I'd been coming by every day. Time seemed to be slowing down and speeding up at exactly the same time.

"Can I get anything for you?"

"No, thank you, I'm doing fine."

I looked around the room, then back at her.

"I've been reading the Bible," I finally said.

"You have?" Her face lit up, reminding me of the angel I'd seen in the play. I couldn't believe that only six weeks had gone by.

"I wanted you to know."

"I'm glad you told me."

"I read the book of Job last night," I said, "where God stuck it to Job to test his faith."

She smiled and reached out to pat my arm, her hand soft on my skin. It felt nice. "You should read something else. That's not about God in one of his better moments."

"Why would he have done that to him?"

"I don't know," she said.

"Do you ever feel like Job?"

She smiled, a little twinkle in her eyes. "Sometimes."

"But you haven't lost your faith?"

"No." I knew she hadn't, but I think I was losing mine.

"Is it because you think you might get better?"

"No," she said, "it's because it's the only thing I have left."

After that, we started reading the Bible together. It somehow seemed like the right thing to do, but my heart was nonetheless telling me that there still might be something more.

At night I lay awake, wondering about it.

Reading the Bible gave us something to focus on, and all of a sudden everything started to get better between us, maybe because I wasn't as worried about doing something to offend her. What could be more right than reading the Bible?

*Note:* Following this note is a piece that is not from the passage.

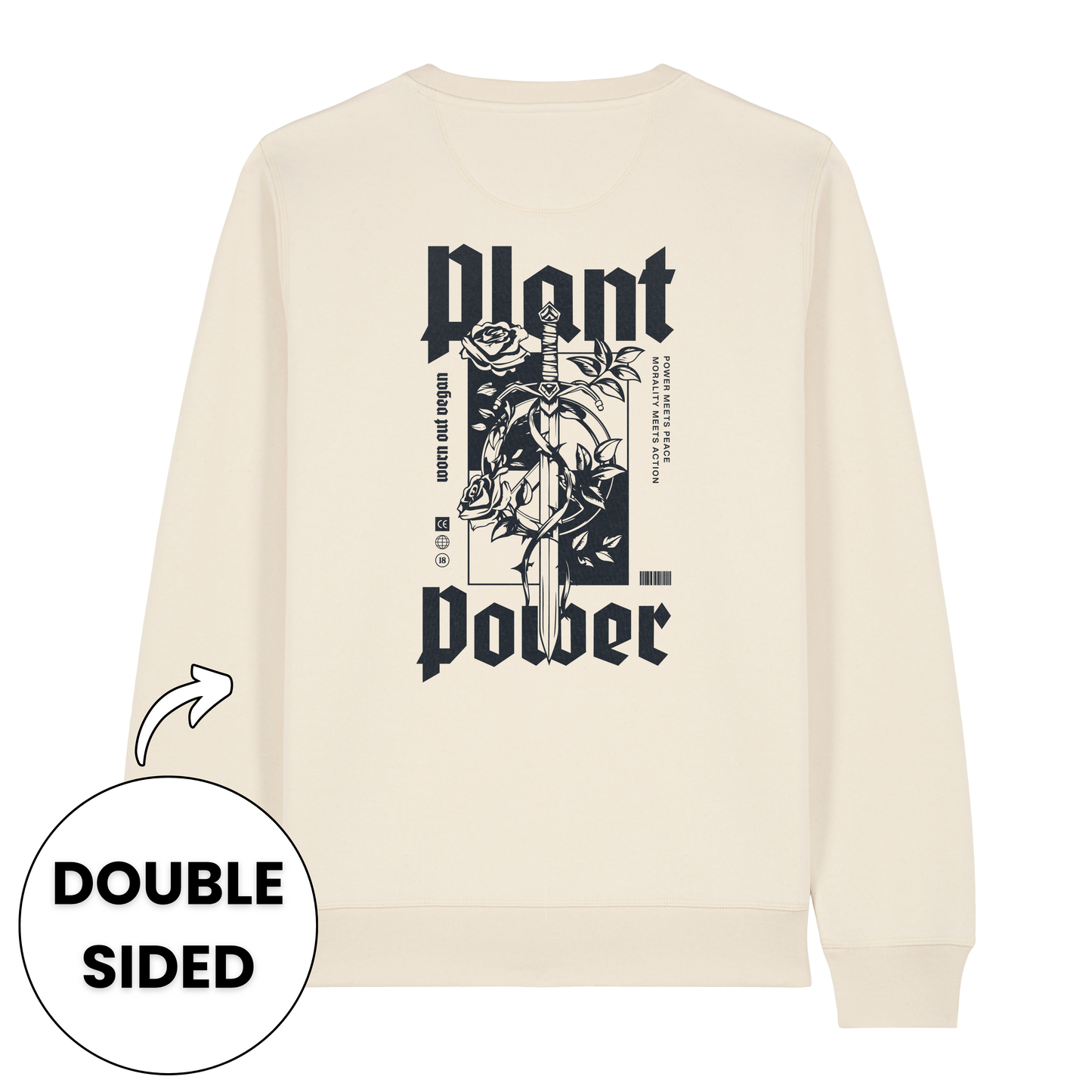 Plant Power Streetwear Sweatshirt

Though I didn't know nearly as much as she did about it, I think she appreciated the gesture, and occasionally when we read, she'd put her hand on my knee and simply listen as my voice filled the room.

Other times I'd be sitting beside her on the couch, looking at the Bible and watching Jamie out of the corner of my eye at the same time, and we'd come across a passage or a psalm, maybe even a proverb, and I'd ask her what she thought about it. She always had an answer, and I'd nod, thinking about it. Sometimes she asked me what I thought, and I did my best, too, though there were moments when I was bluffing and I was sure that she could tell. "Is that what it

really means to you?" she'd ask, and I'd rub my chin and think about it before trying again. Sometimes, though, it was her fault when I couldn't concentrate, what with that hand on my knee and all.

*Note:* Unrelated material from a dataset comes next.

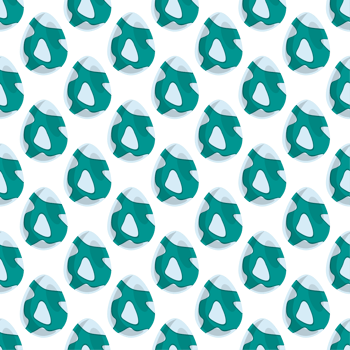 Illustration on theme seamless celebration holiday Easter with hunt colorful bright eggs png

One Friday night I brought her over for dinner at my house. My mom joined us for the main course, then left the table and sat in the den so that we could be alone.

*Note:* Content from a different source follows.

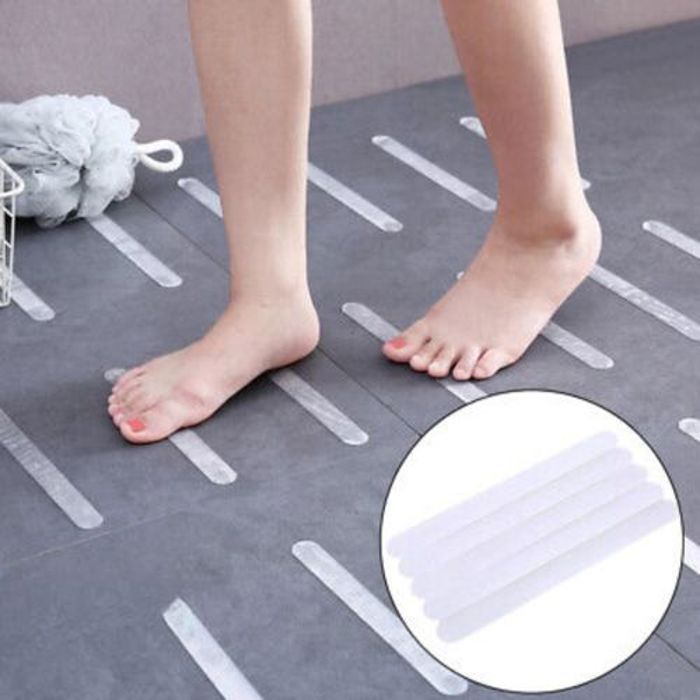 Lot de 8 Bande de Sécurité Imperméables pour Sols et Baignoire, Salle De Bain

It was nice there, sitting with Jamie, and I knew she felt the same way. She hadn't been leaving her house much, and this was a good change for her.

Since she'd told me about her illness, Jamie had stopped wearing her hair in a bun, and it was still as stunning as it had been the first time I'd seen her wear it down. She was looking at the china cabinet—my mom had one of those cabinets with the lights inside—when I reached across the table and took her hand.